ABOUT THIS TASK: Reproduce precisely the lines between the start of the data below and the line with "And for the", both included.

RECORDS FOR THE EXERCISE:
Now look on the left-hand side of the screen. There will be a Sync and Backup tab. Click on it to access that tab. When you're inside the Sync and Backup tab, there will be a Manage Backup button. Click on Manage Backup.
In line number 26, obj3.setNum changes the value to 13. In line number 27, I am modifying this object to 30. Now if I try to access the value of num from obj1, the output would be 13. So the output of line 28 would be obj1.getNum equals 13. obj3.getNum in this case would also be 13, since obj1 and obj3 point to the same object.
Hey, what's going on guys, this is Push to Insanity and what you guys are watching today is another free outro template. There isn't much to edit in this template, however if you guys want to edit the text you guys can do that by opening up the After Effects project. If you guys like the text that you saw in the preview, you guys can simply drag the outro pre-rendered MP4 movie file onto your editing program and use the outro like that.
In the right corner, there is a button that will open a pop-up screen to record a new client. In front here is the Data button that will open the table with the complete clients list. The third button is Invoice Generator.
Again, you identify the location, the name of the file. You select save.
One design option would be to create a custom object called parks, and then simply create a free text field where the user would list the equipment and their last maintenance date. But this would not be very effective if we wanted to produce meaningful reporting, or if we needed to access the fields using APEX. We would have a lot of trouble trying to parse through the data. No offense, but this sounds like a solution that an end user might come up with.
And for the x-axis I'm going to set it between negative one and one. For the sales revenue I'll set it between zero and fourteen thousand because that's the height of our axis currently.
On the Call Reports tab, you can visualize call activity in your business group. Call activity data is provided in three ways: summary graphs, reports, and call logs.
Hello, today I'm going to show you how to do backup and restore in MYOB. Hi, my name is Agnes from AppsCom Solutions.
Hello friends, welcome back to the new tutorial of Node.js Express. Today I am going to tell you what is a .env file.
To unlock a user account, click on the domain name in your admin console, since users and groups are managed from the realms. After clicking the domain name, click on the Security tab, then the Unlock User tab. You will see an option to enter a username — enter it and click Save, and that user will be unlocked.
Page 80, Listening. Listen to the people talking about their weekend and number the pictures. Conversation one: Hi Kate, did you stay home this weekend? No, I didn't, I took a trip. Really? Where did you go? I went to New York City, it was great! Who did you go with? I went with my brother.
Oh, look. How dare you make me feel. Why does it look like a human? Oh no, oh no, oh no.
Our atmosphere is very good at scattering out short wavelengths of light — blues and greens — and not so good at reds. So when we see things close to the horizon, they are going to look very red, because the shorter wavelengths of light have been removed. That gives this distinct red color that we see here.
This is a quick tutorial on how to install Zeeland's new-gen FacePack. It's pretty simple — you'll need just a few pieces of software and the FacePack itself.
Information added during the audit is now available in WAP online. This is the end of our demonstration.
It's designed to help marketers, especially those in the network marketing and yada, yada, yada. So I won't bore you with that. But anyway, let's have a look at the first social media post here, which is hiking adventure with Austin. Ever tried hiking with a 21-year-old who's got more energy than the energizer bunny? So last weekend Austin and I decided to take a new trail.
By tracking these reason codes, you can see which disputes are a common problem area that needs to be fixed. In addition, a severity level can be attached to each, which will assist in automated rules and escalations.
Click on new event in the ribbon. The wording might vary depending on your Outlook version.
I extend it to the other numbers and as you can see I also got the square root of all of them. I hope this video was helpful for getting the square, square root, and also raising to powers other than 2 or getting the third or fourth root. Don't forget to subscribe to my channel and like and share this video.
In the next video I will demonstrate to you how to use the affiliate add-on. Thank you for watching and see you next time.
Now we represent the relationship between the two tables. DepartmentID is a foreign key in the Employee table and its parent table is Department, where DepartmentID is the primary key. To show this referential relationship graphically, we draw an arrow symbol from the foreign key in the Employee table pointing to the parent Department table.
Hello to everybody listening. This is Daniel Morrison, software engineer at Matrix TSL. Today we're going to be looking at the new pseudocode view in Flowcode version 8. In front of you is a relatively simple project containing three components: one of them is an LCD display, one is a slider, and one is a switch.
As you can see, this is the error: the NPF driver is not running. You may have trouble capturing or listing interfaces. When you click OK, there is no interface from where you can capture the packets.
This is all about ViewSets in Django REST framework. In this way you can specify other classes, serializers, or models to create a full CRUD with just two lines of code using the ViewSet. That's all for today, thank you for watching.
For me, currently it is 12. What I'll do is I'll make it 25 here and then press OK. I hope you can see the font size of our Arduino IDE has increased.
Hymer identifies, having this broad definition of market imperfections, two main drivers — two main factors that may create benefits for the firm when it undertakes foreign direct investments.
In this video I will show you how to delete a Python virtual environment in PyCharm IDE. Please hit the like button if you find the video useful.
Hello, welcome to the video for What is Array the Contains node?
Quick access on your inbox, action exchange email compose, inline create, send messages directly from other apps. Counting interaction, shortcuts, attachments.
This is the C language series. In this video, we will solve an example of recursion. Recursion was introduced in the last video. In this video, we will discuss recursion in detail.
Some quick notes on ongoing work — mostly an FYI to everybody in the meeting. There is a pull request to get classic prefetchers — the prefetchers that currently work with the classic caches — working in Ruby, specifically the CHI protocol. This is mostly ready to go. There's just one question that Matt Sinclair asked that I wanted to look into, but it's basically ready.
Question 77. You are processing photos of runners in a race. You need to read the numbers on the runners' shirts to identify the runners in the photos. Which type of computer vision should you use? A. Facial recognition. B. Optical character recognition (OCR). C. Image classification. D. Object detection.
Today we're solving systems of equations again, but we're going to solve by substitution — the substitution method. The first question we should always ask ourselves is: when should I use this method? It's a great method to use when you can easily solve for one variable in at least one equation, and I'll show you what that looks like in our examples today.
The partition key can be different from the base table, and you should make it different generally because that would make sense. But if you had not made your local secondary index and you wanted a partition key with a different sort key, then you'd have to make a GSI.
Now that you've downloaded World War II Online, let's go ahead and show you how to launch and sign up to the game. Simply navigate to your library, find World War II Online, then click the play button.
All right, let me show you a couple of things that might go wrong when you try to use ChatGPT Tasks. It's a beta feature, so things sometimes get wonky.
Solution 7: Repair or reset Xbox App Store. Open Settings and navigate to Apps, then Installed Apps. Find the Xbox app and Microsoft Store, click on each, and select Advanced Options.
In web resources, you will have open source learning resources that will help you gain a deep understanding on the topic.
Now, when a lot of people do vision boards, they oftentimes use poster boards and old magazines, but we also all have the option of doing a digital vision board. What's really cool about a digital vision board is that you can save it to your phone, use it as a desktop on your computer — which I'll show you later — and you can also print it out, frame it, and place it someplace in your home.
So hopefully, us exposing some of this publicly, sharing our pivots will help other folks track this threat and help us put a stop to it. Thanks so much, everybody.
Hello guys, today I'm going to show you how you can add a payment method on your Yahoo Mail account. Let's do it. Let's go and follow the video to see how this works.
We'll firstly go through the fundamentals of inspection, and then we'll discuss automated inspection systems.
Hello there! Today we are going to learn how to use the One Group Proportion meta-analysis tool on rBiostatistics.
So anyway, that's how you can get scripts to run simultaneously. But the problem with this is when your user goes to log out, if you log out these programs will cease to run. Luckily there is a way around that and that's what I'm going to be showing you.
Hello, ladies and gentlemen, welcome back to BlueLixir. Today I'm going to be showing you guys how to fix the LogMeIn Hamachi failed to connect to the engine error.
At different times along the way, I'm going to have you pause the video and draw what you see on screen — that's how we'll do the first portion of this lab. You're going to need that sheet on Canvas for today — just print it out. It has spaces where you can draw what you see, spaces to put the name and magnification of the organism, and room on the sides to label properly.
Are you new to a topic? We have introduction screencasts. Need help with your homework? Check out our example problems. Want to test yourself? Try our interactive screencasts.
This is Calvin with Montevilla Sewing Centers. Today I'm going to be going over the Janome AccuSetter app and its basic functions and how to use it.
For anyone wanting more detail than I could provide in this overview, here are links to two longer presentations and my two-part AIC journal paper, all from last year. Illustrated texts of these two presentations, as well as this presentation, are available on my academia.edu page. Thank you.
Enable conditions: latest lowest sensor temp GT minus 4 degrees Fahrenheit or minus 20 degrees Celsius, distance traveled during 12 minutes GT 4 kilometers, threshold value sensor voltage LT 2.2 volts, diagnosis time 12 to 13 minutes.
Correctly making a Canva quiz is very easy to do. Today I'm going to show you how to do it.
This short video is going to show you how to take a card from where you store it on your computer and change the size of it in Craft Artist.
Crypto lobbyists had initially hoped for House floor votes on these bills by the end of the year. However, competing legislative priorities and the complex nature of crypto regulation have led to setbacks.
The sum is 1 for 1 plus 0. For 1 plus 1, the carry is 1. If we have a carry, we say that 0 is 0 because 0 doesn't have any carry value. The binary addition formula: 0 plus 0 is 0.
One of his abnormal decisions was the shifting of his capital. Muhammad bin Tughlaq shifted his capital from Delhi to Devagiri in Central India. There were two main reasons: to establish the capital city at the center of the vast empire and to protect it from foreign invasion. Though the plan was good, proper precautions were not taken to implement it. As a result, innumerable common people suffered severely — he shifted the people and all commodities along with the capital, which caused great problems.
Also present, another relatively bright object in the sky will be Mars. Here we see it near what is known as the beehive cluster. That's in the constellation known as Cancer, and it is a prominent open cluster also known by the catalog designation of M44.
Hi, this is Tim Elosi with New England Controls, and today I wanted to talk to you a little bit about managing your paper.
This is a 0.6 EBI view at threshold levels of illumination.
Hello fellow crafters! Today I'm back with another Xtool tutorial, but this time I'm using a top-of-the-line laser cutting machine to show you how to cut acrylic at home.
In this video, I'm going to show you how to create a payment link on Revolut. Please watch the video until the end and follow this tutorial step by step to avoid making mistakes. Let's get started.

ANSWER SPACE:
Now look on the left-hand side of the screen. There will be a Sync and Backup tab. Click on it to access that tab. When you're inside the Sync and Backup tab, there will be a Manage Backup button. Click on Manage Backup.
In line number 26, obj3.setNum changes the value to 13. In line number 27, I am modifying this object to 30. Now if I try to access the value of num from obj1, the output would be 13. So the output of line 28 would be obj1.getNum equals 13. obj3.getNum in this case would also be 13, since obj1 and obj3 point to the same object.
Hey, what's going on guys, this is Push to Insanity and what you guys are watching today is another free outro template. There isn't much to edit in this template, however if you guys want to edit the text you guys can do that by opening up the After Effects project. If you guys like the text that you saw in the preview, you guys can simply drag the outro pre-rendered MP4 movie file onto your editing program and use the outro like that.
In the right corner, there is a button that will open a pop-up screen to record a new client. In front here is the Data button that will open the table with the complete clients list. The third button is Invoice Generator.
Again, you identify the location, the name of the file. You select save.
One design option would be to create a custom object called parks, and then simply create a free text field where the user would list the equipment and their last maintenance date. But this would not be very effective if we wanted to produce meaningful reporting, or if we needed to access the fields using APEX. We would have a lot of trouble trying to parse through the data. No offense, but this sounds like a solution that an end user might come up with.
And for the x-axis I'm going to set it between negative one and one. For the sales revenue I'll set it between zero and fourteen thousand because that's the height of our axis currently.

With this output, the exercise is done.